All of which is of interest to precisely no one, but maybe if I make a very public resolution to go through and either post or delete them I'll actually do it? *sigh*


[Better come to an end, because we're definitely getting to *yawn*, what's that in the other browser window stage of things...]


So it's probably not really surprising that it was sometime past 2 am when I hit the 'save entry' button last night, after which I couldn't fall asleep for a while and woke up proportionally tired when the alarm rang about five hours later because I had a date for breakfast & movie with some people from work. We saw Les Temps Qui Changent, which was mostly okay-ish, if not exactly compelling. It does this French movie thing where almost nothing changes or is resolved throughout the movie (which no doubt is truer to life, but doesn't really appeal to me very much when it comes to movies and books), except they gave it a sort-of kind-of comparatively happy ending which I could have done without, because I found Depardieu's character's behaviour equally sad and creepy and don't really believe it should pay off in the end. And half-way through I got a little nauseous (Coffee for breakfast? Still not a good idea.), a lot tired, lost the concentration to even try to follow the French dialogue and mostly stuck to the subtitles.

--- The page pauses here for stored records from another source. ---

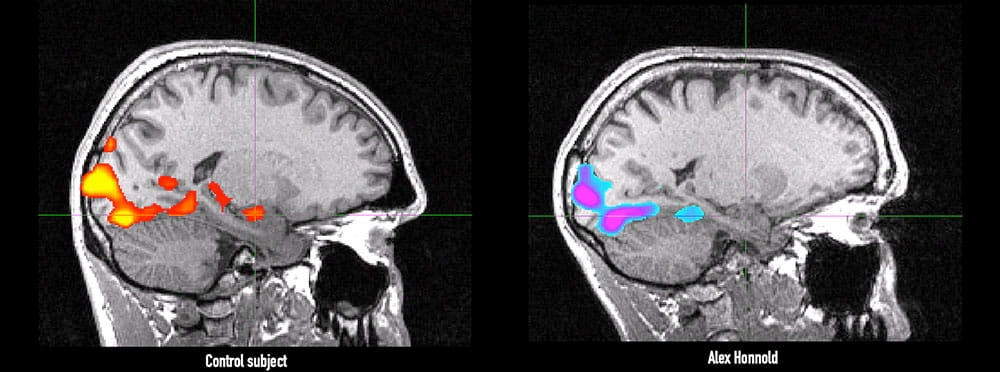 Honnold brain scan.jpg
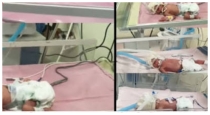 Australia-rare-identical-quadruplet-girls-birth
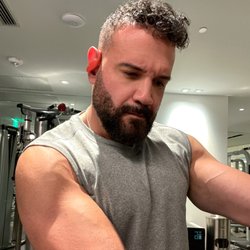 ForHair Hair Transplant Clinic - After at gym
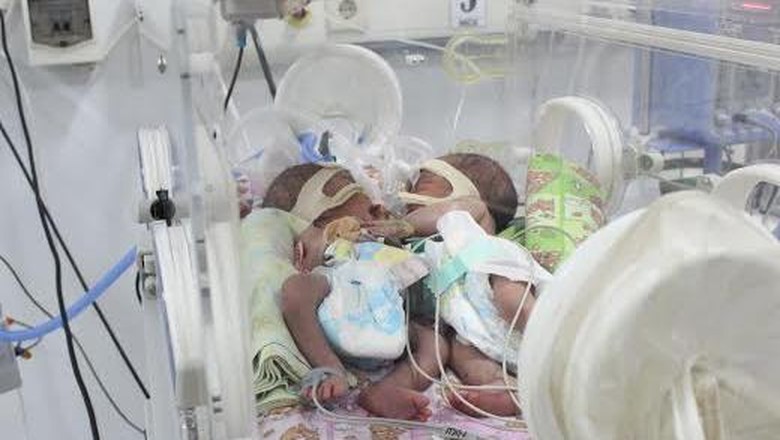 Bayi Kembar Siam Dempet Perut Lahir di Sidoarjo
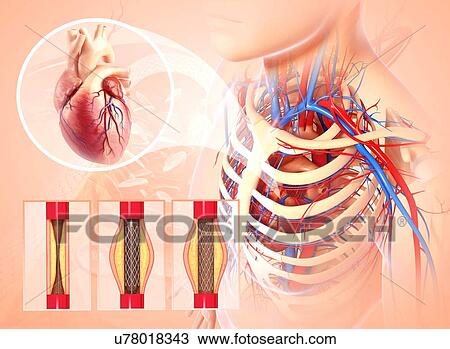 Drawing - Angioplasty, artwork. Fotosearch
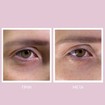 Youth Lab Peptides Spring Hydra-Gel Eye Συσφιγκτική & Αντιρυτιδική Μάσκα για την Περιοχή των Ματιών 60Patches Youth Lab Peptides Spring Hydra-Gel Eye Συσφιγκτική & Αντιρυτιδική Μάσκα για την Περιοχή των Ματιών 60Patches
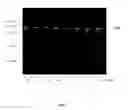 Fig. 08 - Methods of renal cancer detection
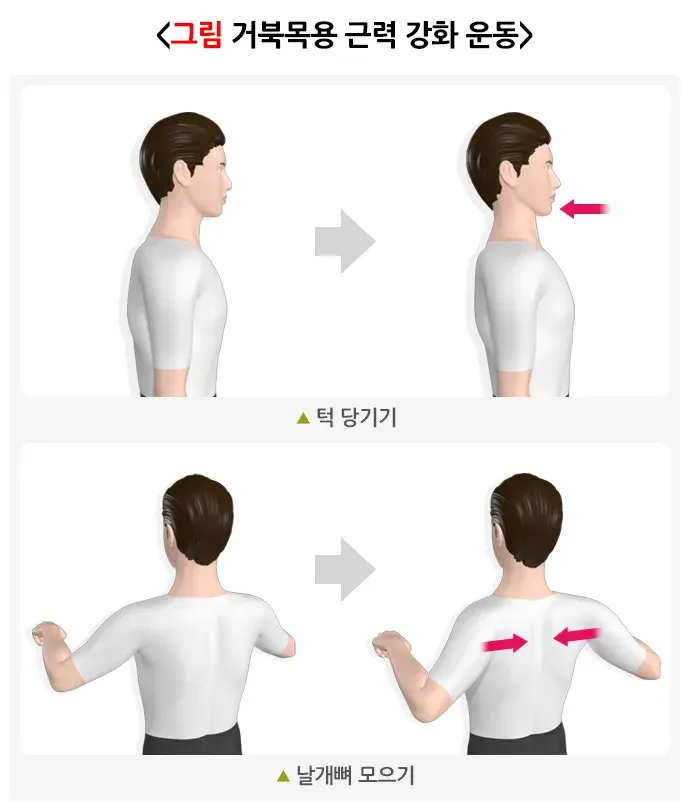일자목(거북목)증후군 비약물 치료 설명 이미지 2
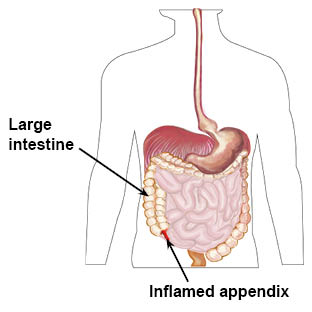 appendix-inflamed-with-labels.jpg
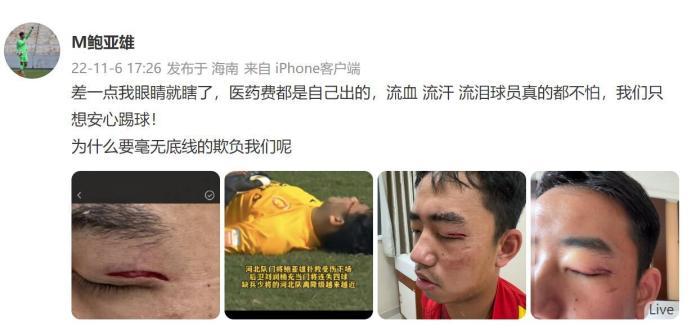 河北队门将：眼睛差点瞎了医药费自己出，欺负人！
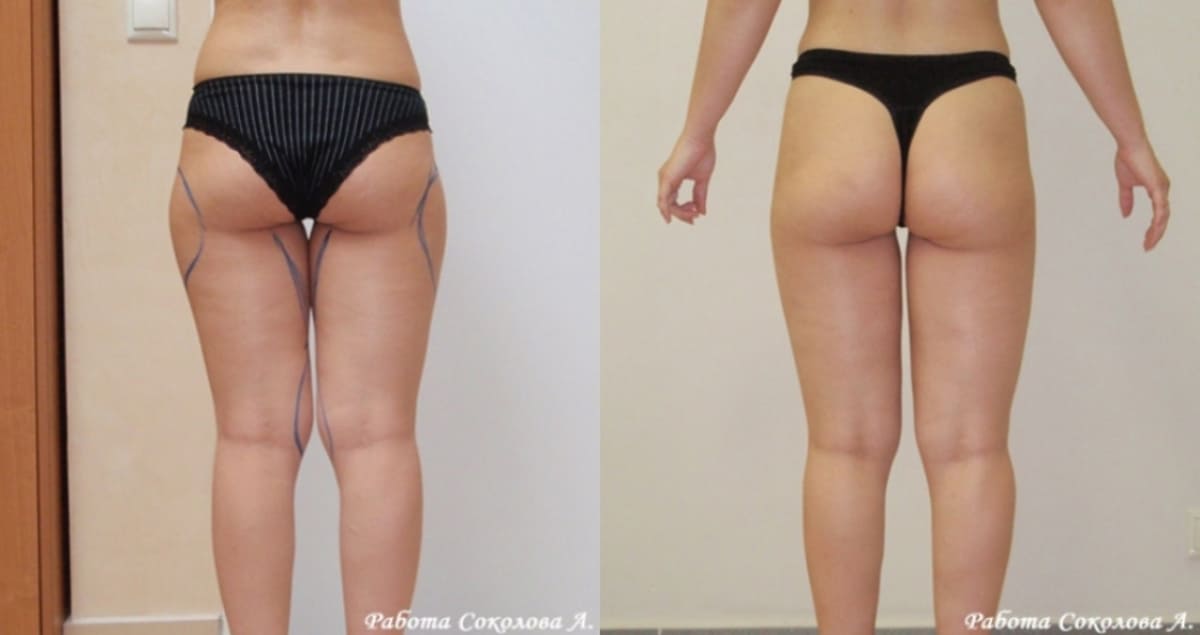 Липосакция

Rest of the day was uneventful except that there seems to be something wrong with my bike again and emails I wanted to write were not written again, which brings us full circle, and I think I'm going to bed now.

Comments

( 7 comments — Leave a comment )
wlotus
Jan. 21st, 2008 12:58 am (UTC)
I have never gotten used to the Stickies application, though the idea intrigues me. Do you find it useful?
solitary_summer
Jan. 21st, 2008 07:02 pm (UTC)
Very. If I'm going to write (e.g.) a review (if my collections of rambling thoughts pass as such) for something and already know that it's going to be longer, I open TextEdit, but for just jotting down something that crosses my mind while I'm online, for saving half-written lj-entries that I'm too lazy to finish at the moment, that kind of thing, it's perfect...
wlotus
Jan. 21st, 2008 07:06 pm (UTC)
I'm cleaning out my blog, and I've been using Stickies to store quotes and entries I don't yet have a home for. It's quite handy.
ext_72315
Jan. 21st, 2008 09:22 am (UTC)
Not much of a writer? That sounds exactly like me writing! (Which is only comforting if we agree to consider me a bit of a writer, of course.)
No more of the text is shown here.